DKduW #3 – Grüne Bohnen von Sant’Anna

Dieser Artikel wurde zuletzt am 24. August 2015 aktualisiert

Für die Oktoberausgabe von DKduW – Dein Kochbuch das unbekannte Wesen habe ich mir ein Buch über italienische Gemüseküche vorgenommen, das ich irgendwann auf einem Bibliotheksflohmarkt erstanden habe und das seither ungenutzt im Kochbuchregal darbt – Grüne Genüsse. Gemüserezepte aus der Toskana.

Daraus habe ich mir als Beilage zu einem Confit de Canard die Grünen Bohnen von Sant‘ Anna ausgesucht – einfach weil ich noch wunderbare (aber geschnippelte) grüne Bohnen aus dem Biogarten meiner Mutter im Tiefkühler hatte.

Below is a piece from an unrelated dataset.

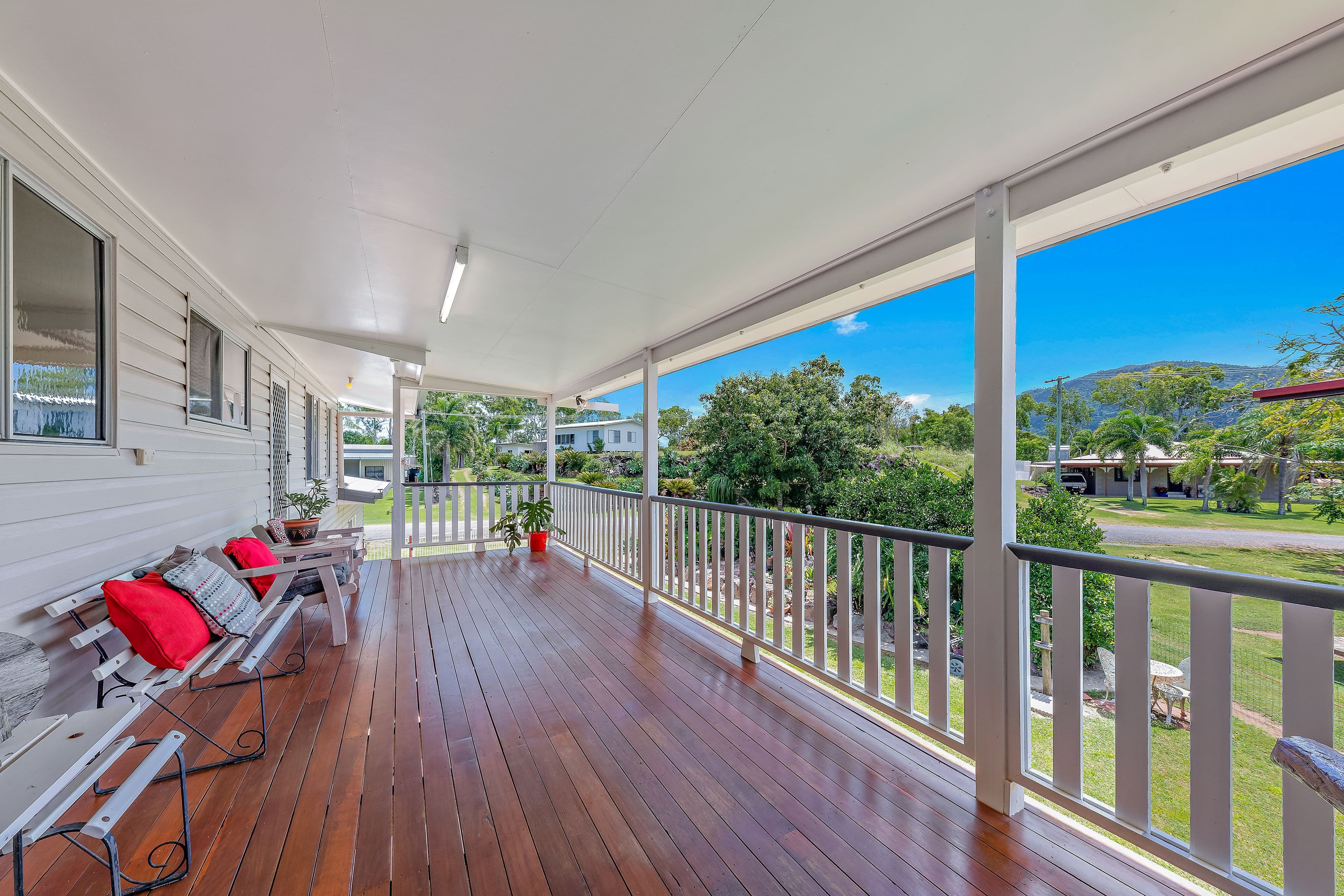 6 Hall Drive, Wilson Beach QLD 4800, Wilson Beach - Thumbnail 3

Die Gemüse, mit denen sich das Buch befasst, sind

  • Artischocken
  • Auberginen
  • Blumenkohl
  • Brokkoli
  • Dicke Bohnen
  • Grüne Bohnen
  • Erbsen
  • Fenchel
  • Gurken
  • Karden
  • Karotten
  • Kartoffeln
  • Knoblauch
  • Kürbis
  • Lauch
  • Mais
  • Mangold
  • Paprika
  • Pilze
  • Rote Bete
  • Rotkohl
  • Salat
  • Sellerie
  • Spargel
  • Spinat
  • Tomaten
  • Weißkohl
  • Wirsingkohl
  • Zucchini
  • Zwiebeln


Dafür dass das gebundene Buch gerade mal 132 Seiten umfaßt, ist das eine beeindruckende Auflistung. Zu jedem Gemüse gibt es einen Einleitungstext und 3-4, in einigen Fällen auch mehr Rezepte. Bebildert ist jeweils nur das einzelne Gemüse. Die Rezepte klingen allesamt einfach, machbar, oft klassisch (Spinat mit Pinienkernen und Rosinen), nach bester italienischer Landküche – viele sind vegetarisch, einige verlangen nach Speck, Leber, Schmalz…

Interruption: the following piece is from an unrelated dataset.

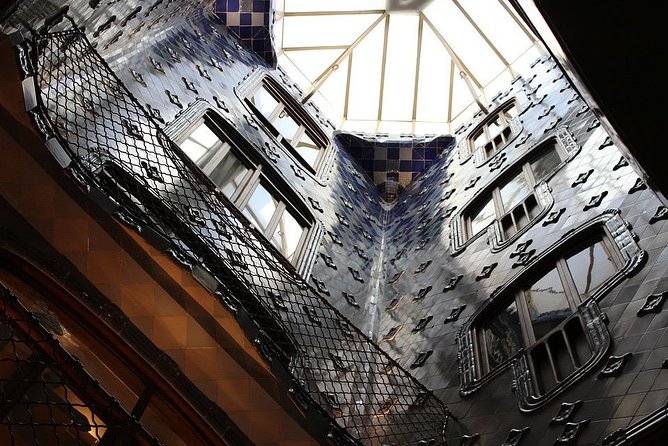Casa Batlló: entrance tickets and smart guide - Casa Batlló Turns a Plain House Into a Gaudí Statement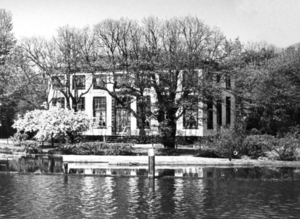 1972. Villa Windlust naast de houtzaagmolen De Salamander.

Gekauft hatte ich das Buch um neue Ideen für Gemüsegerichte abseits der gewohnten Pfade zu bekommen, und nach dem erfolgreichen Test gestern bin ich geneigt, dieses Buch noch öfter hervorzuholen. Ich habe mich für eine der vorgeschlagenen Varianten des Rezeptes entschieden – wie im Kommentartext zu finden.

Ergebnis: einfach und lecker.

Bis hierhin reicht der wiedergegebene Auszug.